What the task asks: Two lines in the data below mark the range: the one with "Kyle Turris of" and the one with "Rustikale Hochzeits-Informations-Einzelkarte Begleitkarte". Return both, along with every line between them, exactly.

Brief descriptive captions
—————
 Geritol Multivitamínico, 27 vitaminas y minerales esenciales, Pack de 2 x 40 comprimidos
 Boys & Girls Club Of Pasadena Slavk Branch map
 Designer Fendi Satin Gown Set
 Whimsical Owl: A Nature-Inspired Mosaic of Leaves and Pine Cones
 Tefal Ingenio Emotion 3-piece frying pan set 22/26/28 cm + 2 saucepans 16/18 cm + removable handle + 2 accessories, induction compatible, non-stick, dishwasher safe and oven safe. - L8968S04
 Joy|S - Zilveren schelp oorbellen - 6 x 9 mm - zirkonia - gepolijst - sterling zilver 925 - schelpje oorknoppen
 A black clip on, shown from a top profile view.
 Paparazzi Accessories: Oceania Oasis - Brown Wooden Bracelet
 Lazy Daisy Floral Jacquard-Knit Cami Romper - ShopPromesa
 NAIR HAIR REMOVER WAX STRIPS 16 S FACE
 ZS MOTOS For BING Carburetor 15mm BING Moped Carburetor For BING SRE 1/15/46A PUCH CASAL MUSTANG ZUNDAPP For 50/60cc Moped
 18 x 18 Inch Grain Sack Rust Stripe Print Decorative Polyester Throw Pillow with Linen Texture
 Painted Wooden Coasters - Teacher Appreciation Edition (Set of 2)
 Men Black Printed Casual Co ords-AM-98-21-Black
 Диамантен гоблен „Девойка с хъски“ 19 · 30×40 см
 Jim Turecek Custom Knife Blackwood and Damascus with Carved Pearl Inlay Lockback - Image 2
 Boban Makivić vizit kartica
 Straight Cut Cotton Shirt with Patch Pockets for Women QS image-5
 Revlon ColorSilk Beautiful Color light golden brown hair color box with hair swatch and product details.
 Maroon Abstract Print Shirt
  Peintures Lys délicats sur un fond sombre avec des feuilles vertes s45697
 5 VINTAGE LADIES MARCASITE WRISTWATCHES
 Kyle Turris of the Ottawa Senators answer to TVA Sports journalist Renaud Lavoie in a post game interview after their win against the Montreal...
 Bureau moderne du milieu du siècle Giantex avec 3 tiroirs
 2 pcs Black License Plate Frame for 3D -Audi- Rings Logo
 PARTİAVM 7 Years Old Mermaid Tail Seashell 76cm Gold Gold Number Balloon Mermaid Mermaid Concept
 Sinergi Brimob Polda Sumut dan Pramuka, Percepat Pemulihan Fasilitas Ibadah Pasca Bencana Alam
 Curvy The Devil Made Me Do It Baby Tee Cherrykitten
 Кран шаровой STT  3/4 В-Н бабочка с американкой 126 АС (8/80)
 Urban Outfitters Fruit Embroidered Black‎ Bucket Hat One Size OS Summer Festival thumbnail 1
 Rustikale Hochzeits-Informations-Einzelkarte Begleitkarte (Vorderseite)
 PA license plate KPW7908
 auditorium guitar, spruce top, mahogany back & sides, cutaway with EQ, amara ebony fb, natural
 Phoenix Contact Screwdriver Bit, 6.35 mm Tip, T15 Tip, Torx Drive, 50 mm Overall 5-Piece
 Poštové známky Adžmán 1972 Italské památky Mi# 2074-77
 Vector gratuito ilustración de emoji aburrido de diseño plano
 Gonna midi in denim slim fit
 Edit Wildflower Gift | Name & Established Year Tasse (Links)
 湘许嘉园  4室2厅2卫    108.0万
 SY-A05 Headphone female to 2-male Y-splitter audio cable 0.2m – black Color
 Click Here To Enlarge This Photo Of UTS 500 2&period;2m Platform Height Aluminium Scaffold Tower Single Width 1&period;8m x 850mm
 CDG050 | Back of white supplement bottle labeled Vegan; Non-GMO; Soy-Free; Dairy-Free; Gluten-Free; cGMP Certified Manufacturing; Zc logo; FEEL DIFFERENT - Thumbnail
—————
Answer box:
 Kyle Turris of the Ottawa Senators answer to TVA Sports journalist Renaud Lavoie in a post game interview after their win against the Montreal...
 Bureau moderne du milieu du siècle Giantex avec 3 tiroirs
 2 pcs Black License Plate Frame for 3D -Audi- Rings Logo
 PARTİAVM 7 Years Old Mermaid Tail Seashell 76cm Gold Gold Number Balloon Mermaid Mermaid Concept
 Sinergi Brimob Polda Sumut dan Pramuka, Percepat Pemulihan Fasilitas Ibadah Pasca Bencana Alam
 Curvy The Devil Made Me Do It Baby Tee Cherrykitten
 Кран шаровой STT  3/4 В-Н бабочка с американкой 126 АС (8/80)
 Urban Outfitters Fruit Embroidered Black‎ Bucket Hat One Size OS Summer Festival thumbnail 1
 Rustikale Hochzeits-Informations-Einzelkarte Begleitkarte (Vorderseite)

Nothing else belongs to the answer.